Haystack

Geography
- Location: Investigator Strait
- Coordinates: 35°19′19″S 136°54′26″E﻿ / ﻿35.32191°S 136.9071°E
- Length: 500 m (1600 ft)
- Width: 120 m (390 ft)
- Highest elevation: 43 m (141 ft)

Administration
- Australia

= Haystack Island =

Island in South Australia

Haystack Island is an island located in Investigator Strait off the south coast of Yorke Peninsula in the Australian state of South Australia about 6 km south-west of Stenhouse Bay. Since 1972, it has been part of the Althorpe Islands Conservation Park.

== Description ==

Haystack Island is about 6 km south-west of Stenhouse Bay. It is described as ‘a narrow wall of sheer cliffs, undermined, indented and marked by fresh scars and rockfalls’ and that ‘has been eroded to a series of tall lobes connected by thin necks of rock that narrow to an almost knife-edge ridge’. It is surrounded by a ‘fringing wave-cut reef’. The island is about 500 m long by a maximum width of about 120 m and with the tallest lobe having a height of 43 m. Its long axis is aligned in a north-west to south-east direction.

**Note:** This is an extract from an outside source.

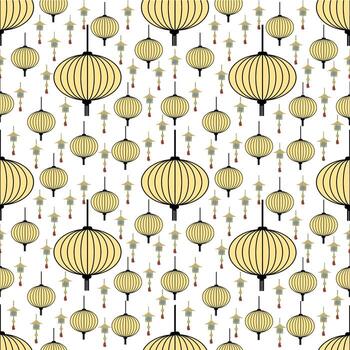 Lamp pattern for designing Japanese and Chinese fabric patterns. Asian style lamp pattern. vector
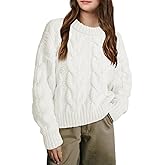 Girls Cable Knit Sweaters Chunky Long Sleeve Crewneck Drop Shoulder Warm Pullover Sweater Tops Size 5-14Y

Access is reported as best done in calm seas and that the summit ridge can be reached from the island’s east coast via a rubble cone of rubble, taking care when climbing the slope’s ‘loose and crumbling’ surface. A survey carried out in 1982 by the responsible government agency used a helicopter to access the island’s summit.
A number of sources consider Haystack Island along with the Althorpe Islands and Seal Island to be a group of islands known as the Althorpe Islands Group.

== Formation, geology and oceanography ==

Haystack Island was formed about 7350 years ago after sea levels rose at the start of the Holocene thereby separating Yorke Peninsula from Kangaroo Island.
Haystack Island consists of a seam of Bridgewater Formation calcarenite that sits on a largely submerged ridge of Gleesons Landing Granite.
Haystack Island rises from a depth of 20 m within 300 m from its southern shore.

== Flora and fauna ==

=== Flora ===

A survey carried out in November 1982 found 11 species of plants making up a shrubland covering the island’s ridge including Grey Samphire, marsh saltbush, and Nitre-bush in the deeper soils, and Cushion-bush, Round-leaved Pigface and southern sea-heath in the shallower soils.

=== Fauna ===

A survey carried out in November 1982 reported evidence of the presence of the following vertebrate animals - the white-faced storm petrel by the presence of ‘shallow burrows’ used during the ‘summer breeding season’, Pacific gull by the existence of a ‘large midden of shell fragments was found on the highest dome, indicating a feeding site…’, and the white-bellied sea eagle by the presence of a ‘maintained nest’.

== Protected areas status ==

Since 1972, Haystack Island has been part of the Althorpe Islands Conservation Park. Since 2007, it has been a prohibited area where access is only allowed by permit in order to protect the breeding population of seabirds. Since 2012, the waters surrounding its shores are part of a habitat protection zone located within the boundaries of the Southern Spencer Gulf Marine Park.